Hitting land in 2017, hurricanes Maria and Irma are the worst natural disasters on record to affect the Dominica, U.S. Virgin Islands, and Puerto Rico and two of the deadliest recent Atlantic hurricanes. We provided air monitoring during the destruction and then subsequent removal of vegetation and construction debris. We also uploaded air monitoring data in real-time so that it was immediately available to local and territory decision makers, which assisted with evacuation determinations. Our team arrived right at the height of the hurricanes, while much of the telecommunications networks was down, travel conditions were dangerous, and many people and animals, both domestic and wild, were displaced.
“We take our duty to those affected by these natural disasters very seriously,” said Air Response Chemist Phil Solinski. “In St. Croix, St. Thomas, and St. John, our job was to supply particulate monitoring during reduction of vessel and construction debris on land, post hurricanes Irma and Maria. The crushing of debris creates airborne particulate health concerns that are relevant to decisions to increase control measures. The air monitoring data can be uploaded to the cloud for remote real-time data review and decision-making.”

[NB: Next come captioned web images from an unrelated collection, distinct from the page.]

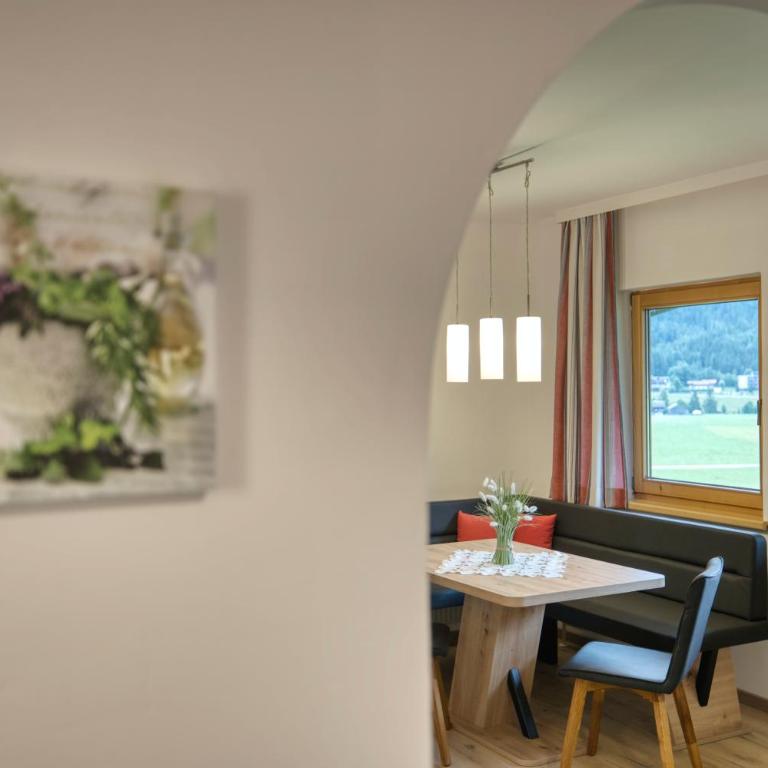 Haus Oberautal - Apartment mit 2 Schlafzimmern - 19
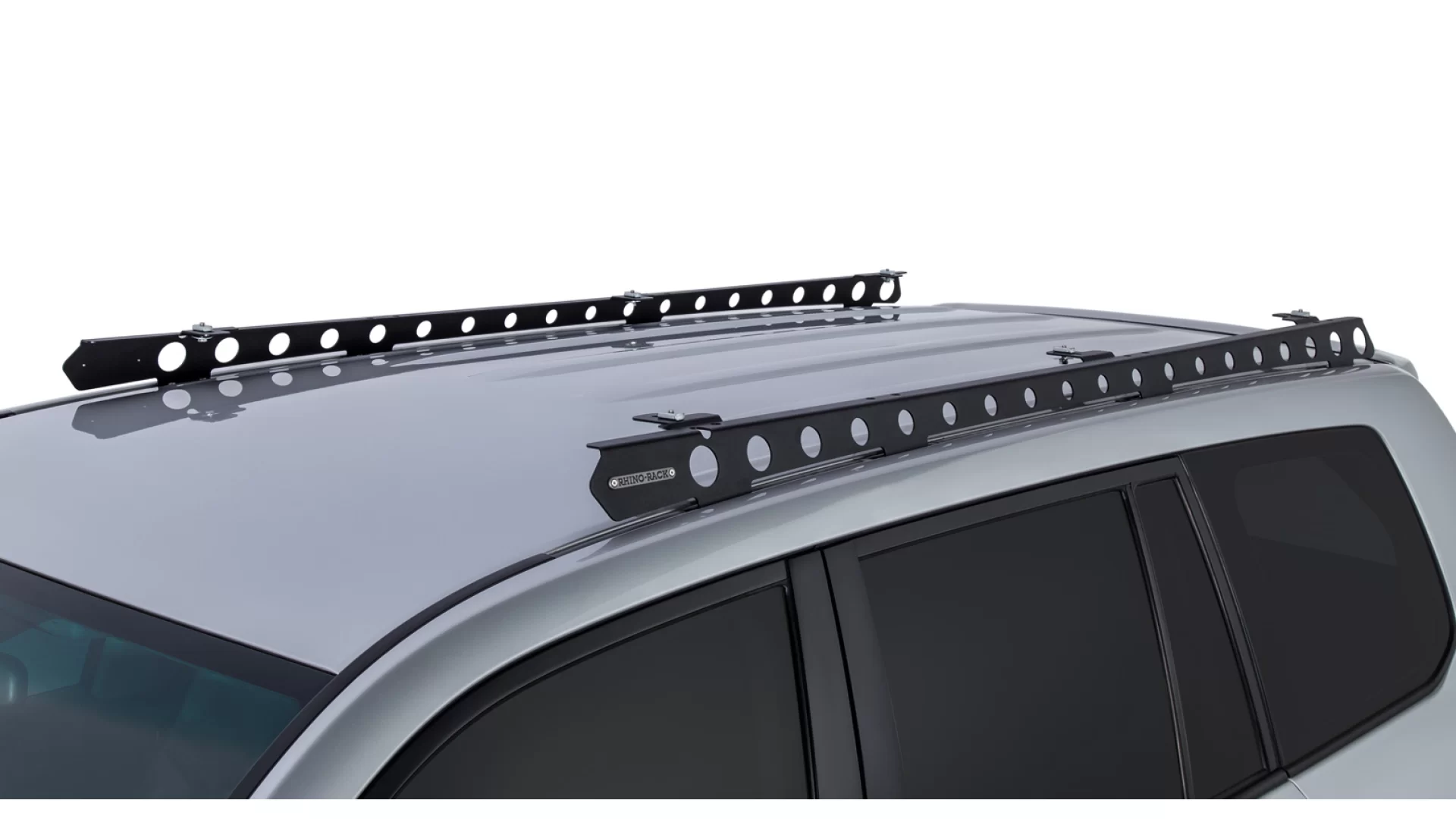 Rhino Rack Backbone Spine Mounting System - L/C 200 Series (RTLB1) - View 1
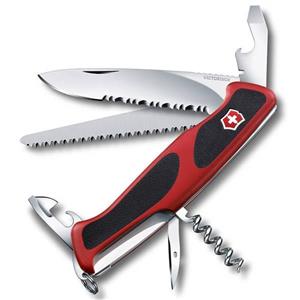 چاقوی ویکتورینوکس مدل RangerGrip 155 کد 0.9563WC Victorinox RangerGrip 155 0.9563.WC Knife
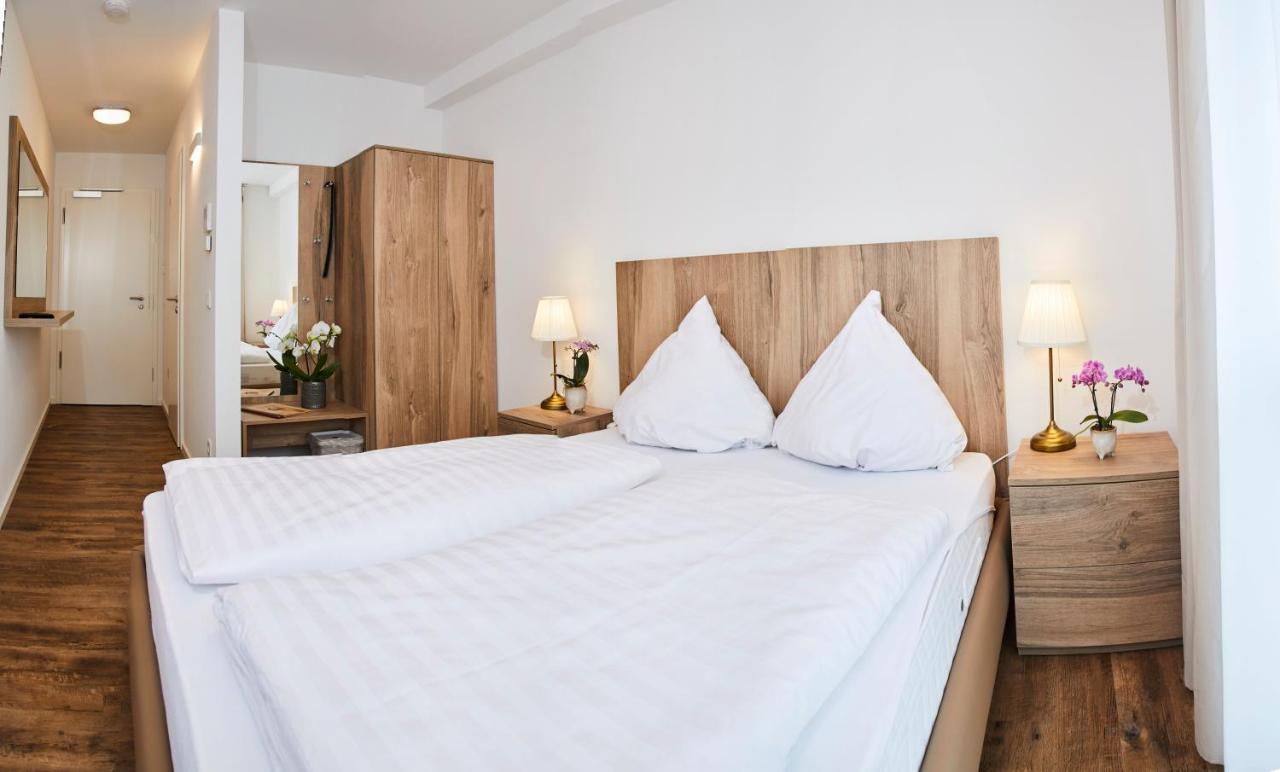 Hotel Lothringer Hof Saarlouis Zewnętrze zdjęcie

Aside from the responsibility for field safety, Health and Safety Manager Peter Harnett also works closely with the EPA on the development of EPA training courses. The most recent effort is a 20-hour course that will provide practical information to EPA personnel involved with site safety issues arising from disasters. Since these disasters result in infrastructure and property damage, the EPA provides oversight of removal and remediation of abandoned industrial/household chemicals, and collects “orphaned” chemical containers and hospital medical waste for disposal. Conducted in non-ideal circumstances, much of the work may include high waters, downed electrical wires, and lack of access to normal communications, such as phone and Internet service.
The EES team has a longstanding and solid relationship with the EPA, with a proven track record supporting the agency’s energy and environmental initiatives. “Working with the EPA on the SERAS contract all these years has been extremely rewarding,” said Discovery Biologist Chris Gussman. “It is rewarding to see the concrete benefits of our labor in examples like the hurricane cleanup, volcano monitoring, and wildfire stability - but knowing that there are individuals who are now safe because of all the work you’ve put in, there’s great satisfaction in that.”